As previously indicated to the House on Second Stage, I reaffirm the Government is not opposed in principle to this Private Members' Bill. However, as has been said previously, the provisions of the Bill require most detailed scrutiny to ensure consistency with the property rights and safeguards in the Constitution, with particular reference to Article 40.3 and Article 43. I am sure Senators will appreciate the importance of ensuring coherence with other statutory provisions governing the purchase of ground rents.
Senators will appreciate this is a complex area of law. As indicated previously, it is already clear that amendments to the Bill will be required to minimise the risk of further challenges on constitutional grounds. In these circumstances, I have agreed with the Attorney General to establish a small expert group comprising senior officials from the Department and representatives from the Office of the Attorney General together with a number of outside experts in the area of land law. It is important that they consider the issues at hand and report on the amendments necessitated by the Supreme Court ruling in the Shirley case. While it is not possible to set a deadline for the group to complete its task at this early stage, it is my hope and intention that a substantial amount of the group's work will have been completed by the end of the first quarter of 2018. I expect, therefore, that the group's conclusions and recommendations will provide a sound basis for future amendments to ground rents legislation.

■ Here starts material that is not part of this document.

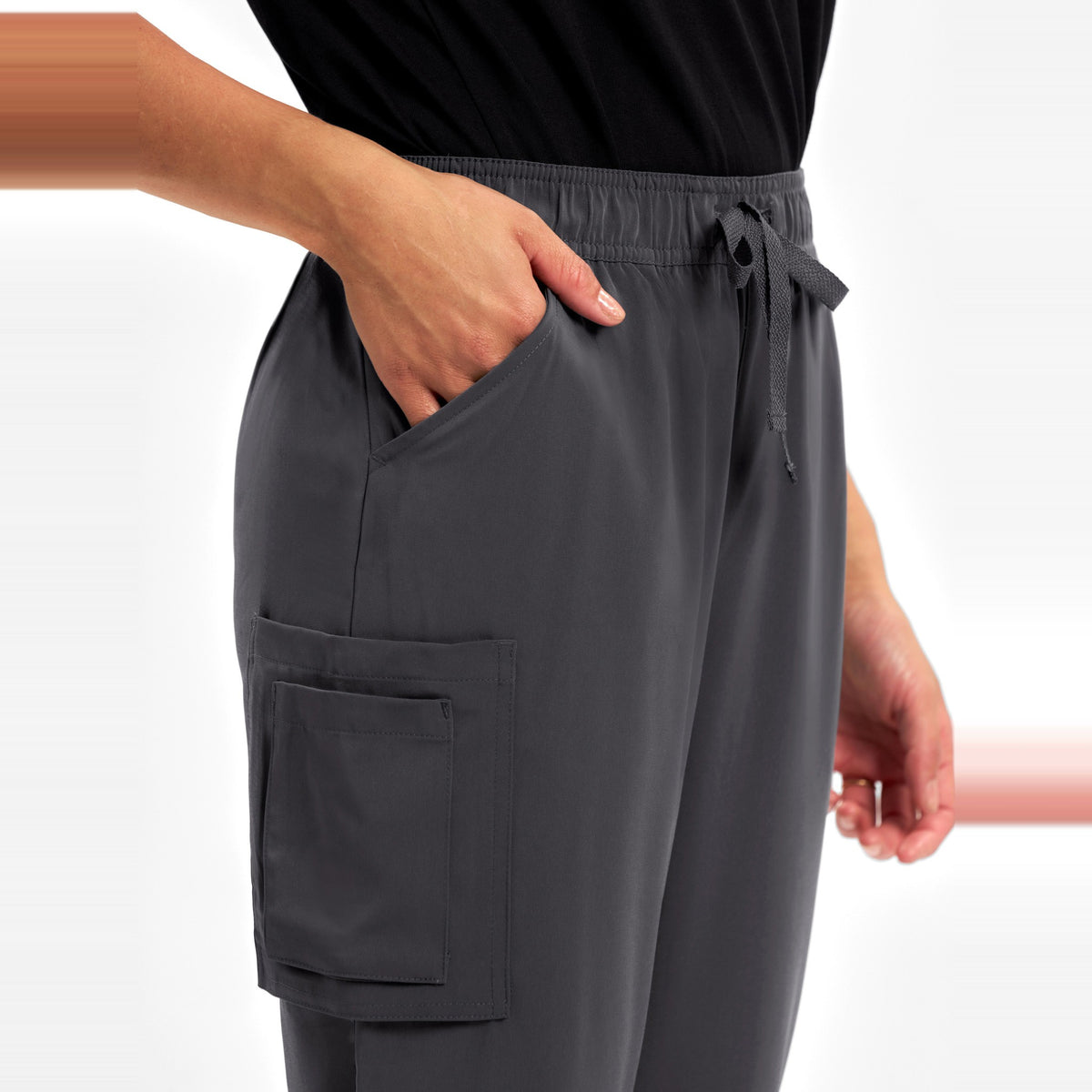 Inaura Avery Womens Slim Leg Scrub Pant CSP943LL in Charcoal, worn by model, view 5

Members will be aware the issue of ground rents has been something of a complex conveyancing matter going right back to the foundation of the State. Many of the pieces of legislation since - I refer specifically to the 1978 Acts - are complex and detailed and need to be looked at in the context of the Constitution. I ask Senators to bear with the committee to ensure we do what Senators Gallagher, Ardagh and Swanick, who are promoting the Bill, wish to do. I support their endeavours in that regard.
There is agreement in the House that we need to address this issue. What we have not finally established with certainty is the means by which this issue can be addressed. I acknowledge the importance of this legislation. The group will be happy to engage with the promoters of the Bill and I hope that by spring next year we will be in a position to advance matters in a way that can deal with the issue as intended by the promoters of the legislation.